No Past, No Future, No God!

by Rick Shrader

Blaise Pascal wrote, “We are so unwise that we wander about in times that do not belong to us and do not think of the only one that does; so vain that we dream of times that are not and blindly flee the only one that is.”1

It seems that in times of unbelief, the powers of darkness work hard to destroy both the confidence in where we came from and the assurance of where we are going.  As Pascal pointed out, the result is the failure of the only stewardship we really have—the present.  Never have we been so adept at inspecting the past and predicting the future while the present stands so morally bankrupt.

Two philosophical dangers have appeared in our day, each attempting to eat up the church from  opposite directions.  Postmodernism has attempted to detach the church from its sacred history, and Open Theism is now attempting to strip her of her prophetic future.
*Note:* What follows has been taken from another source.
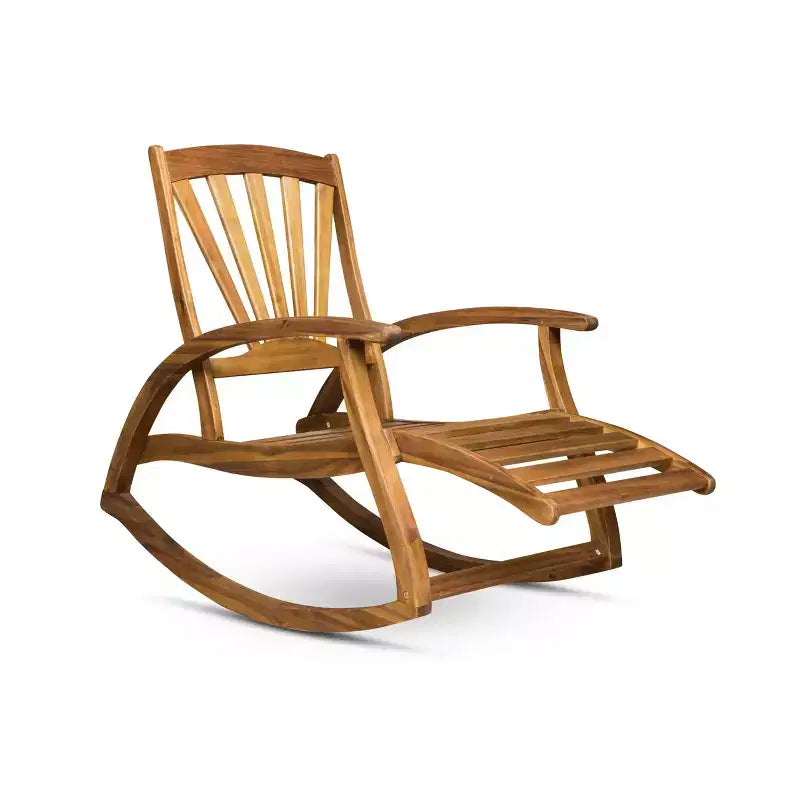 Okak Sedia reclinabile elegante Boho Sedia a dondolo in acacia con poggiapiedi retrattile per giardino, portico e cortile, sedia per il tempo libero all'aperto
Issues like these are usually kept from the church at a safe distance.  They are for the clergy and various academics who politely debate the finer points, while the laymen and novices are sheltered, many times willingly so.  I heard one speaker at a theological lecture series lament that the subject (the openness of God) had now been made available to laymen through recent books and therefore the “cat was out of the bag.”  The regret, of course, was that the average lay person in our churches cannot handle such challenges to their faith and will be led about with the new winds of doctrine.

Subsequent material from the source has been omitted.